→ About this task
Drop the pictures, then extract the listing word for word.

→ Data shown
※ ※ ※

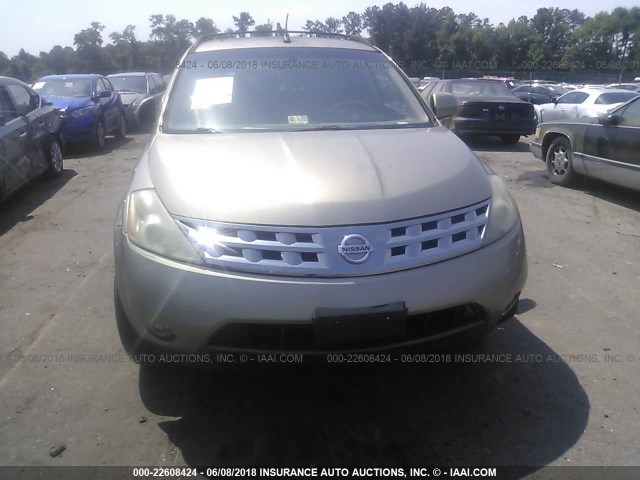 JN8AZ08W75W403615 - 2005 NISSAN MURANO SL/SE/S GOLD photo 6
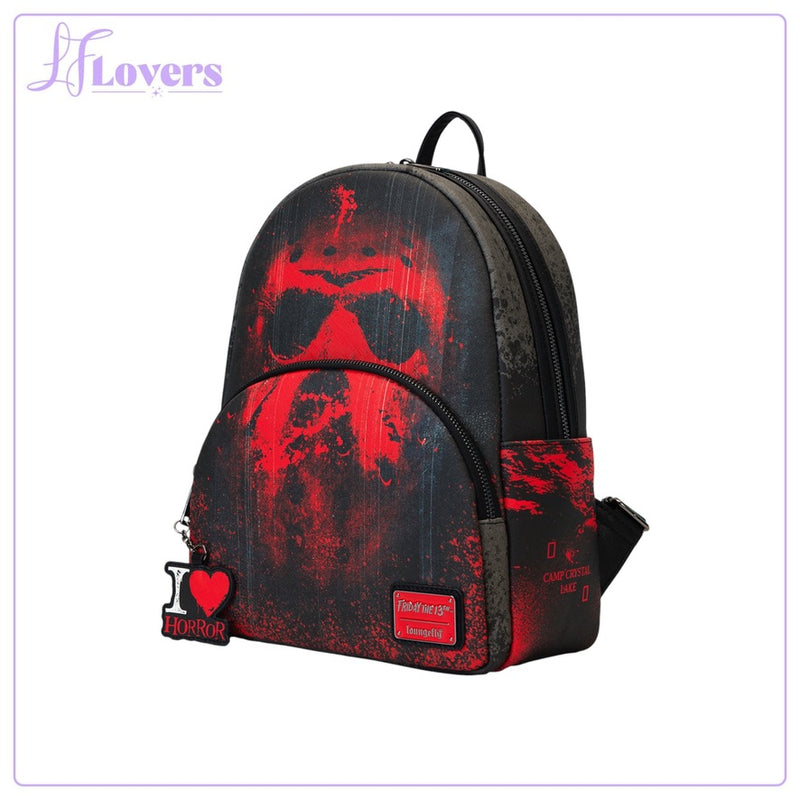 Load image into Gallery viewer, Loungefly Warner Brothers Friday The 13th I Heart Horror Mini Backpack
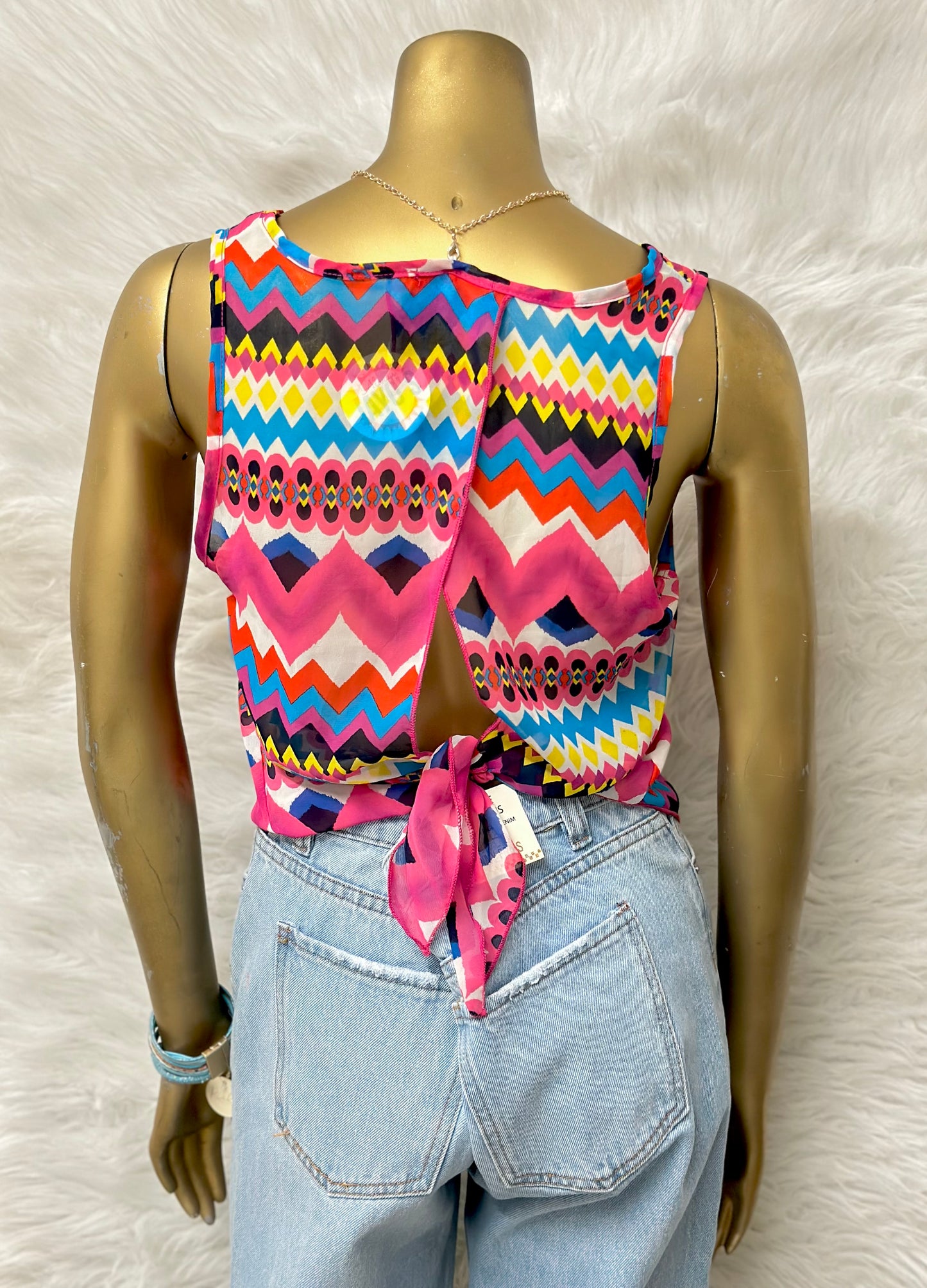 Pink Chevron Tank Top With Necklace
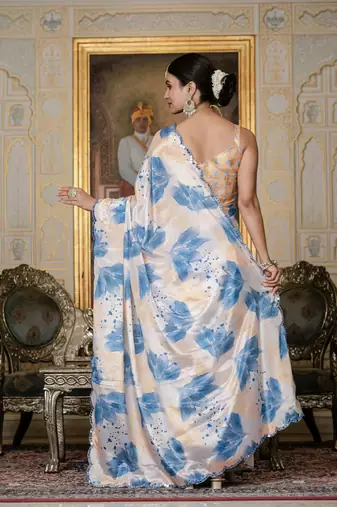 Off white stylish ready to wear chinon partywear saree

※ ※ ※

→ Output for this task
 JN8AZ08W75W403615 - 2005 NISSAN MURANO SL/SE/S GOLD photo 6
 Load image into Gallery viewer, Loungefly Warner Brothers Friday The 13th I Heart Horror Mini Backpack
 Pink Chevron Tank Top With Necklace
 Off white stylish ready to wear chinon partywear saree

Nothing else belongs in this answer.